*Problem requirements*: Locate every line below that contains the word "with" and copy it.
====== Source material ======
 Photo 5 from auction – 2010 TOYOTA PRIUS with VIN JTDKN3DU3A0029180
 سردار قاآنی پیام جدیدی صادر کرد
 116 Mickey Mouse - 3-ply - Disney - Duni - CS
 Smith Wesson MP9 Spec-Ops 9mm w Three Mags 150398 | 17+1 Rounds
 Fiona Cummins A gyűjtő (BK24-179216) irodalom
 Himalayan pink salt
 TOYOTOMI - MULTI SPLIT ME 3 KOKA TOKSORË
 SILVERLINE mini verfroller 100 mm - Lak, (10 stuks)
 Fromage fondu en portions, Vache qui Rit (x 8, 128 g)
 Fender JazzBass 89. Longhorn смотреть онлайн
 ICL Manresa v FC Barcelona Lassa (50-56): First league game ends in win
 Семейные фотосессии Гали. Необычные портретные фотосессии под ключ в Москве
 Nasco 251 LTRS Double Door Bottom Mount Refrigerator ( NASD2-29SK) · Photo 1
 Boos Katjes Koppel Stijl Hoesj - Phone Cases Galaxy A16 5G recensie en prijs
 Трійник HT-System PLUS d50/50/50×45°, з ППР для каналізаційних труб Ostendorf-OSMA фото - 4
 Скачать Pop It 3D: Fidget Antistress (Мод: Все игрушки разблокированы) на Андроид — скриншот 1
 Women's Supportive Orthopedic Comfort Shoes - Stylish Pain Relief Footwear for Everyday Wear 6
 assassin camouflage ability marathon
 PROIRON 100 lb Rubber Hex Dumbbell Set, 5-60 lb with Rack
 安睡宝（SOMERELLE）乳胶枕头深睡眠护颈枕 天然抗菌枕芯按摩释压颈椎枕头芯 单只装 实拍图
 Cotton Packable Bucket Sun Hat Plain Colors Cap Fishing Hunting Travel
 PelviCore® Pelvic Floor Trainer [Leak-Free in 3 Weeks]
======
*Answer section*:
 Photo 5 from auction – 2010 TOYOTA PRIUS with VIN JTDKN3DU3A0029180
 PROIRON 100 lb Rubber Hex Dumbbell Set, 5-60 lb with Rack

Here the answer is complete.